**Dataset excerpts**
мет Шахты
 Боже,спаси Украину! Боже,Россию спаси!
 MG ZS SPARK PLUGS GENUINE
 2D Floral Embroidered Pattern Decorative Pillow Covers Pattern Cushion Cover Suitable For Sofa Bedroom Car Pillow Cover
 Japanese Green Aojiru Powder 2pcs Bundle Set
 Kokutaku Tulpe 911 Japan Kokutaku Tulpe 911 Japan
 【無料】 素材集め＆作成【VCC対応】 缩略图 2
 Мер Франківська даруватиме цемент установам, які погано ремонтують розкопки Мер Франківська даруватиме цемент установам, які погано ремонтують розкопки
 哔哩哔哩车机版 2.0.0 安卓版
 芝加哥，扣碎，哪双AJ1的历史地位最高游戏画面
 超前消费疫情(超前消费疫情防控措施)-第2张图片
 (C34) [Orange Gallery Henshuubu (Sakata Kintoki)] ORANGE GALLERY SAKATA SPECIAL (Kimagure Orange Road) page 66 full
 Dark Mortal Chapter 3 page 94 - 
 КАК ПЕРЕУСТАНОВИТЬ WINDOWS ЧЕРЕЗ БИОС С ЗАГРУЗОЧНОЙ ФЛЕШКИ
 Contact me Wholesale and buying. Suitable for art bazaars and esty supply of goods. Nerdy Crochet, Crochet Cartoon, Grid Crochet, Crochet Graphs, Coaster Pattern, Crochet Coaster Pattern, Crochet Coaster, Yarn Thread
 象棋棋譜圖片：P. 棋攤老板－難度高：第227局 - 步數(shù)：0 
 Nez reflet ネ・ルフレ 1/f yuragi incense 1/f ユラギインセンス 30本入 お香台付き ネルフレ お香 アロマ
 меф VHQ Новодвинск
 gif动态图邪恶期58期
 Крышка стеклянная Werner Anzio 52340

**What the task requires**
Look through the data above. Copy every line with the string "page" in it.

**Written solution**
 (C34) [Orange Gallery Henshuubu (Sakata Kintoki)] ORANGE GALLERY SAKATA SPECIAL (Kimagure Orange Road) page 66 full
 Dark Mortal Chapter 3 page 94 - 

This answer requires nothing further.